Sí, bailemos otra vez. En silencio, despacito, como
si supiéramos bailar. Pero a quién coño le importan los pasos cuando me das la
mano y te agarro la cintura. A quién coño le importa el ritmo o la música
cuando me miras a los ojos, y te balanceas, como si fuera un hechizo de esos en
los que no crees, y te caes en mi hombro pisándome los pies.
Pegadas, con la música haciéndonos caricias, con tu
cuerpo caído sobre el mío y tu alma bien erguida. Susurro todas las canciones
en tu cuello para que se te graben en la piel a fuego. De ese que nos gusta. Tu
fuego.
En círculos, cuadrados, de un lado a otro y
chocándonos con todo lo que podamos. A quién le importan los pies cuando tus
labios son mis alas. A quién le importa el suelo cuando caes en picado. Y te
arrancas de golpe el corazón cuando te digo otra vez que te quiero.
Nos estrellamos, caemos. A quién le importa el golpe
cuando estuvimos en el cielo.
Voy a empezar de nuevo.
Me agarras, me miras, me confundo de pie. Te piso,
te giras, y a mi hombro otra vez.
Sé que no necesitas otro soporte que no sean tus
pies. Que tienes más brazos que los míos. Que hay besos que saben mejor. Y
escenas con mejor reparto. Pero en ciertos momentos me eliges. Te quedas. Me
dices que es por siempre. Y te vas.
Me dejas en la sala de espera mientras tomas tu
decisión, de si seguir en tu guerra o terminar de bailar la canción.
Voy a empezar de nuevo.
Anhelas en las calles que no conoces recuerdos que
no has vivido. Levantas la cabeza, mirando edificios, intentando encontrar tu
pequeño vicio. Y vuelves a perderte en tus sombras cuando te ofrecen un
festival de luces. Vuelves a tus reflejos, a tus espejos, y los rompes.
Otra vez.
Pero no te escondes. Te quedas. En tus recuerdos, en
medio del camino, en el recorrido. Pero nunca te quedas conmigo. Vuelves, te
vas, te evades, te deseas. Nunca me deseas. Te pierdes, te encuentras, dudas,
preguntas, incógnitas y respuestas.
No soy la respuesta que buscabas.
Te miras, me miras, dudas y vuelves otra vez. A
perderte en el camino de la indiferencia, esperando que todo ocurra por obra de
algo en lo que no crees.
No crees ni en ti misma.
Enciendes el mechero, ardes, explotas, te quemas a
pesar de ser tu propio fuego y te exhalas. Eres un cigarro eterno.
Pero el tiempo nos entumece, nos hiela y nos
congela, y tú ni tienes combustible, ni ceniza ni pena suficiente para
sobrevivir todos los inviernos. Así que buscas otro calor. El calor humano, de
la expresión, del arte, de la liberación.

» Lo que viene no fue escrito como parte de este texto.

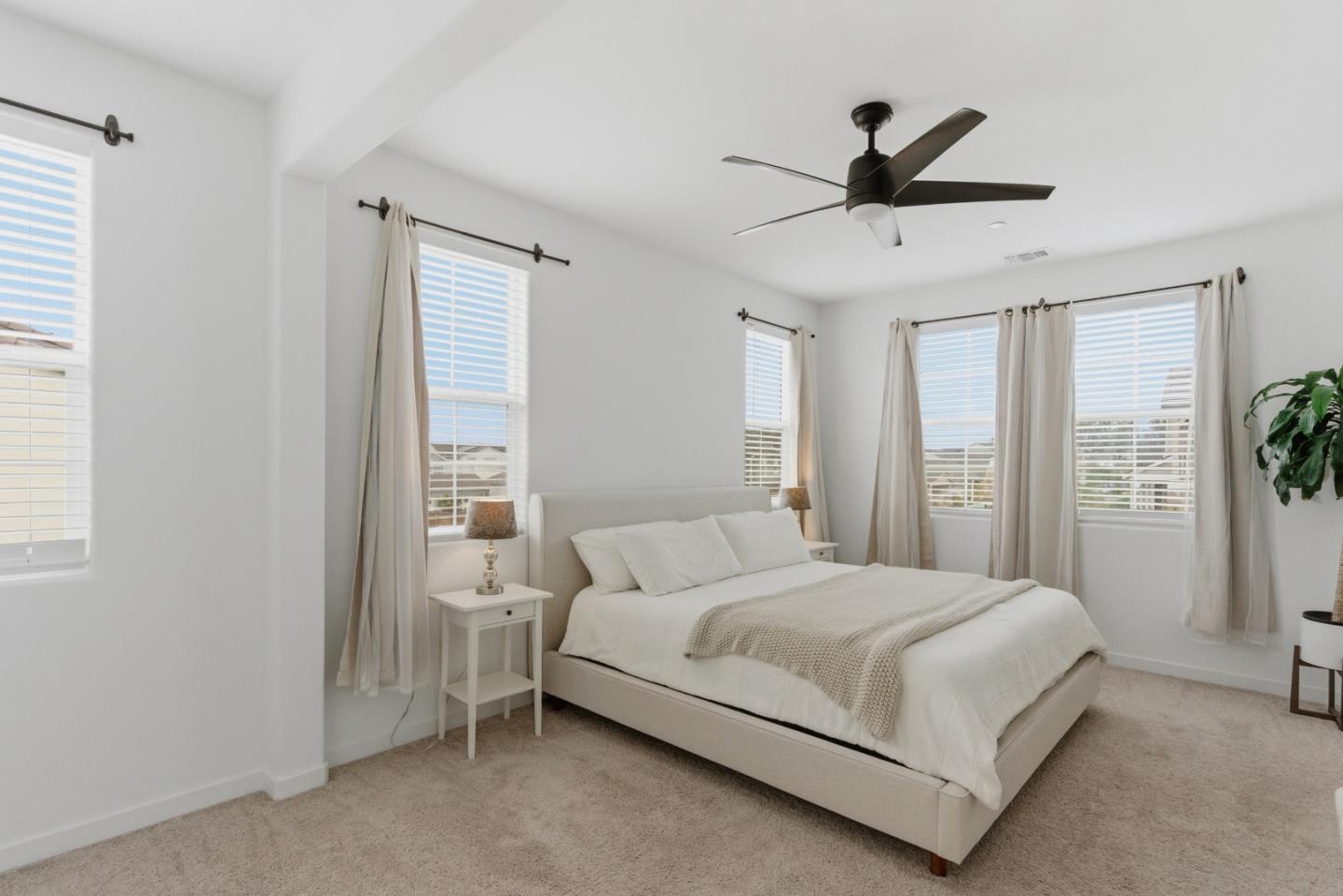 Detail Gallery Image 25 of 45 For 457 Marina Heights Dr, Marina,  CA 93933 - 3 Beds | 2/1 Baths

Me llamas cobarde mientras te alejas corriendo.
Pero no evitas que me hunda, que me siga hundiendo.
Yo no soy como el fuego.
Y te cansarás de esperar a que se prenda la hoguera.
Si sólo me quedan cerillas y una vida vieja, unas fotos en el tablón, unos
fantasmas que enmarcar y tantas cosas que, todavía, no puedo matar.
Y al final me quemas.
No puedo arrojar mi vida entera a tu hoguera si tu
no te atreves ni a chiscar el mechero conmigo. Si no hay incendio no hay
camino.
Voy a empezar de nuevo.
Me enciendo el cigarrillo y me apago mientras veo un
extremo brillar. Te pienso, me enciendo, y me congelo. Se ha terminado la
canción y tú te has cansado de bailar, así que voy a cambiar de disco.
Me das la mano, te agarro de la cintura, doy un
paso, y me vuelvo a equivocar. Te susurro las letras de lo que jamás te he
escrito, te entumeces otra vez, tu cuerpo sobre el mío bailando una vez más. Y
dos almas paradas en el tiempo, en una habitación a oscuras con una tenue luz
azul que sólo alumbra nuestras locuras, me dejo caer una vez más. Y caigo en
picado, entre todos tus sueños, vicios y virtudes. Entre todo lo que me encanta
y nunca podré odiar. Caigo en tu piel, tus labios y tus ojos. Caigo en tu forma
de bailar. Y me estremezco y siento celos, de que la música te haga sentir más
de lo que yo podré hacer jamás. Pero es normal.
Dale otra calada a tus anhelos, me levanto antes de
soñar, me das la mano, te agarro de la cintura, y volvemos a bailar. Doy un
paso, y me equivoco de nuevo.
Voy a empezar de nuevo.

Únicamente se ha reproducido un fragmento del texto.